For any increasing functions $f : [a,b] \rightarrow R$, the set of discontinuities has measure zero.

Question

Is this statement true or false? If true, how can I justify it with a proof. If false, is there a counter example. For any increasing functions $f : [a,b] \rightarrow R$, the set of discontinuities has measure zero.

Answer 1

There is a stronger statement: the set of discontinuities is countable. This is because any "uncountable sum" (see below) must diverge. Suppose otherwise. Then there is an increasing, uncountable sequence $x_I\in[a,b]$ of discontinuities of $f$. Here $I$ denotes an uncountable index set.
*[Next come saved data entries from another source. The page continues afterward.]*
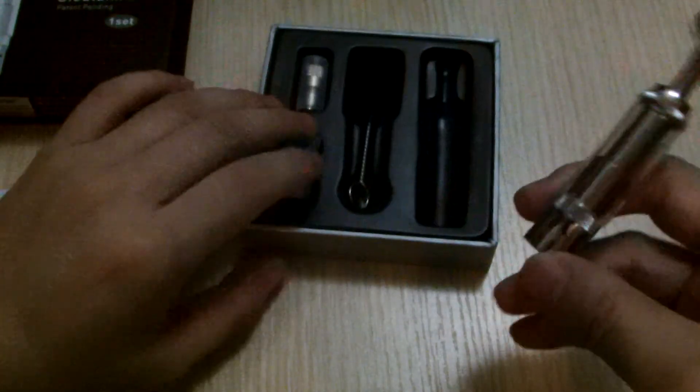And there you have it. When you're smoking dry herbs, take a hit, then mix it up a little, and then you can start heating it up again. So there you have it — the Clouper Cloud Tank M3. Please like, comment and subscribe.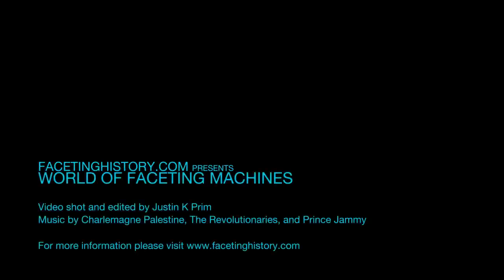Thanks for joining me, and come back next time for a brand new episode of World of Faceting Machines. We'll see you then.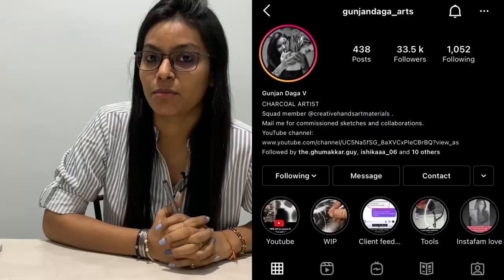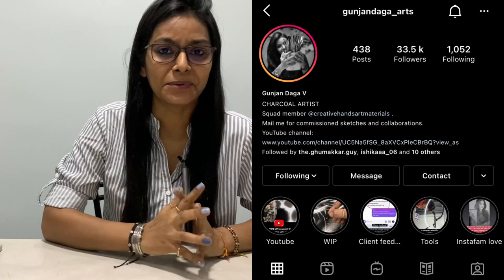Hello guys, welcome back to my channel. I hope all of you are fine and doing well. Recently I had shared a work on my Instagram handle — if you haven't followed me yet, I go by the name Gunchandaga Arts. I recently uploaded a work where I experimented with gold and charcoal. I was quite anxious in the beginning, but I guess the experiment was worth all the effort.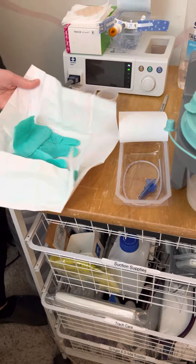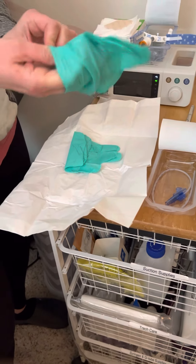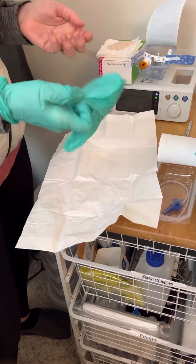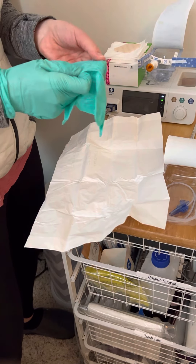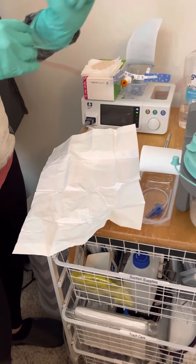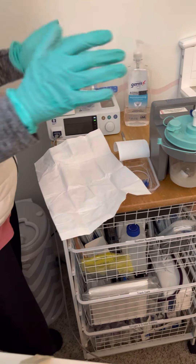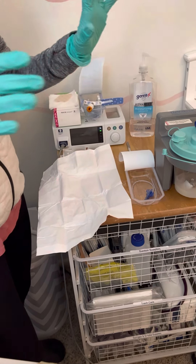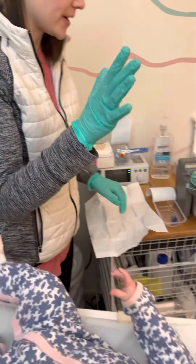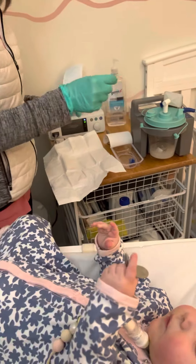You open your gloves and put them on. I will put them on sterilely — you don't have to, but that's the hardest part if you don't know how. What you want to think of is having one hand as clean and one hand as dirty. One hand you'll touch other things with; the other hand you're only going to touch the suction catheter with, so it's as clean as possible and we're not introducing anything into her trach.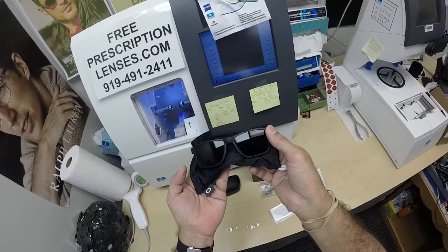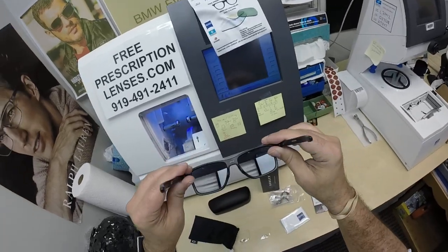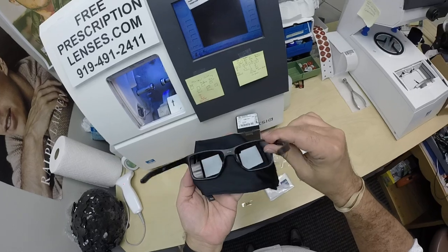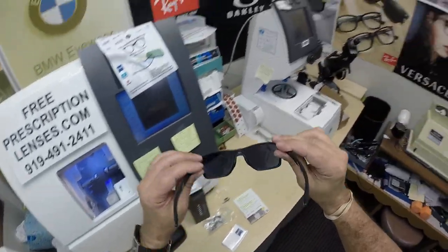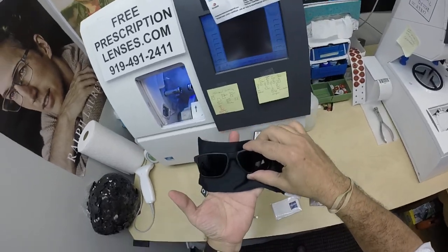Now people can see that silvery mirror that matches the silver logo on the side. When I turn it over, you can see the greenish hue of the DuraVision Sun back surface anti-glare. When he looks out, he sees the dark gray — when people look at him, they see that silvery mirror.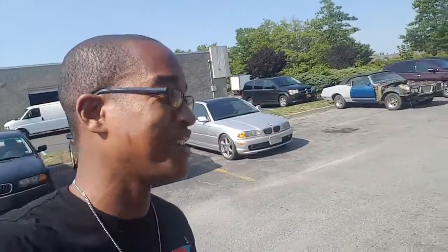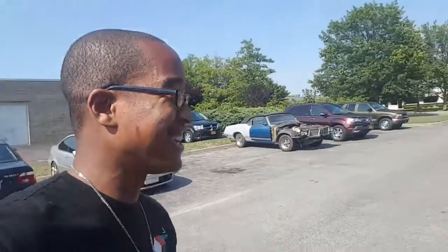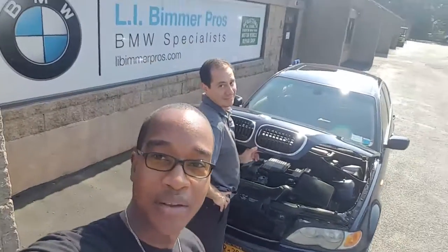All right, so I finally got my car back. This guy here from Long Island Beamer Pros — we did the Turner Motorsport pulleys and tensioners on the car. I just wanted to do a quick video. I'm excited. I haven't driven it yet but I'm looking forward to it. Big shoutout to Long Island Beamer Pros, these guys are doing their thing.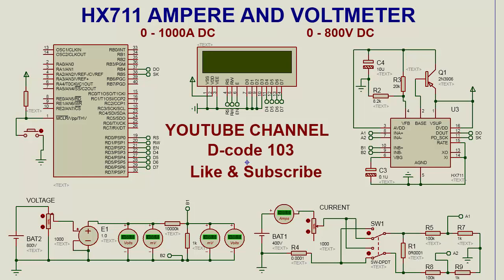Welcome to my YouTube channel Decode 103. Today I will show you how to use the HX711 ADC to make an ammeter and voltmeter. The range of the ammeter is 0 to 1000 ampere and the voltmeter is 0 to 800 volt.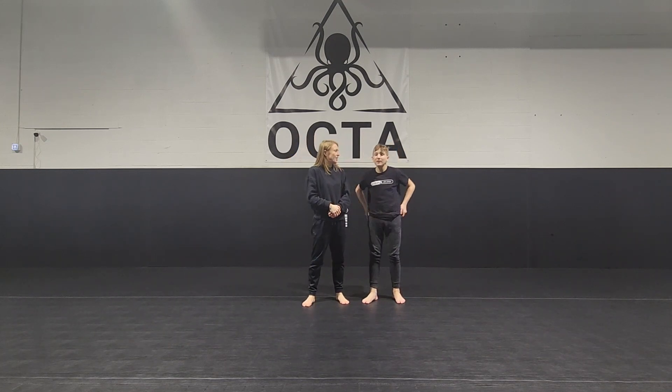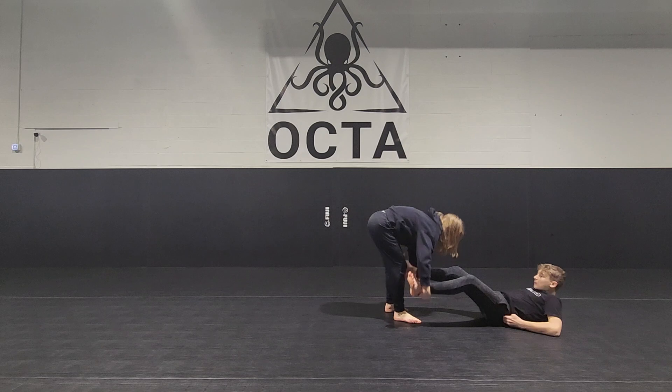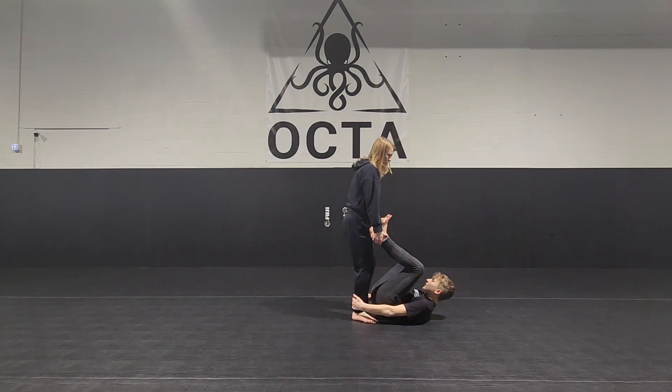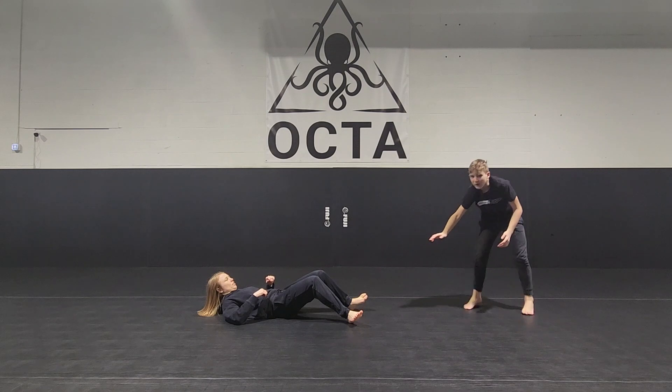Hi, my name is Gabe, and what you just saw was a self-defense technique for when someone is pulling you. What you saw here was my mother — or my opponent — pulling me from behind. As she was pulling me, I brought myself close, I grabbed her legs, and I used that opportunity to get up and get away from the situation.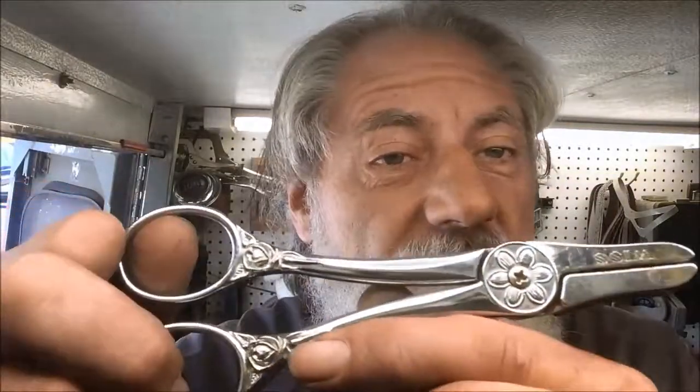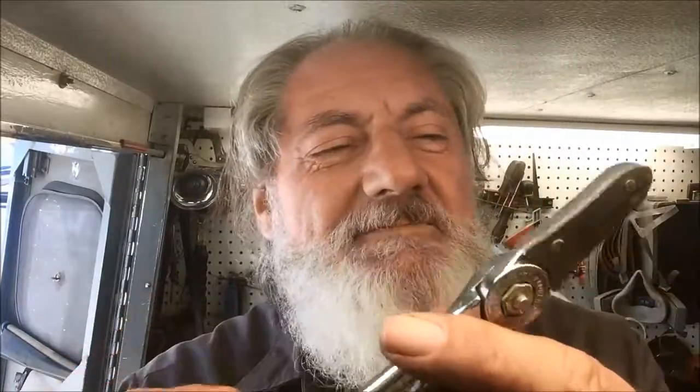I appreciate you clicking on this episode of Blade Runner tool sharpenings before and after. A lady just brought me this old Wiss Flower Shear. How do I know it's a flower shear? It says right on it — Wiss Flower Shears FH4, Newark, New Jersey, US of A. So it's got some good metal in it.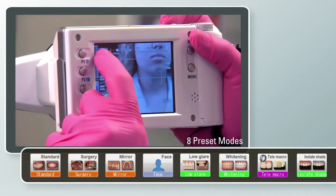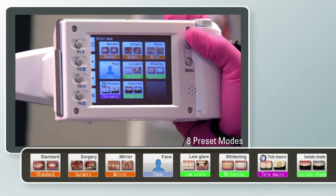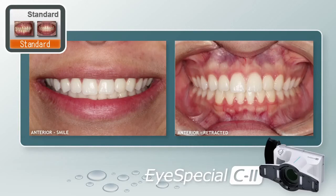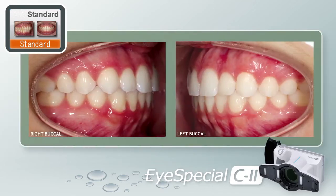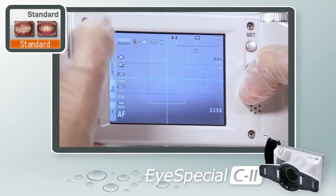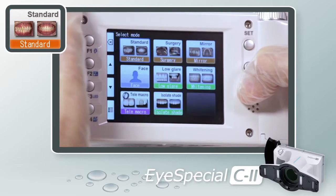The iSpecial C2 comes with eight preset dental shooting modes: Standard, Surgery, Mirror, Face, Low Glare, Whitening, Tele Macro, and Isolate Shade. Selecting Standard Mode: you can take the majority of your images in standard mode, including anterior and retracted smile, as well as left and right buccal shots, from various ranges to achieve the desired photo. Press the F1 key or touch the mode button in the top left corner, then select Standard Mode.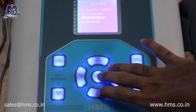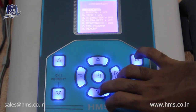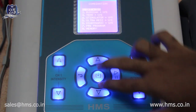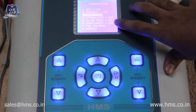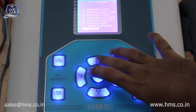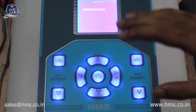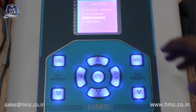In combination therapy, all six electrotherapy modalities can be combined with ultrasound — for example, IFT plus ultrasound, Russian plus ultrasound, or TENS plus ultrasound. There are eight pre-programs for combination therapy, and it has 30 individual memory settings as well. In total, the machine can store 90 different memory settings across electrotherapy, ultrasound, and combination therapy.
What you now need to show is that $f$ necessarily blows up on $[a,b]$. So consider $f(b)$. You have that $f(b)\geq f(x)$ for all $x\leq b$. But:

$f(b)\geq f(a)+\sup_{C\in I: C\mbox{ is countable}} \sum_{i\in C}^\infty f(x_i)$.

Consider the set $S_n:=\{x_i: f(x_i)>=1/n\}$. Notice that $\cup_{n=1}^\infty S_n=\{f(x_i)\}_{i\in I}$. This implies that there exists an $N$ such that $S_N$ has infinitely many elements, so that the above supremum necessarily blows up.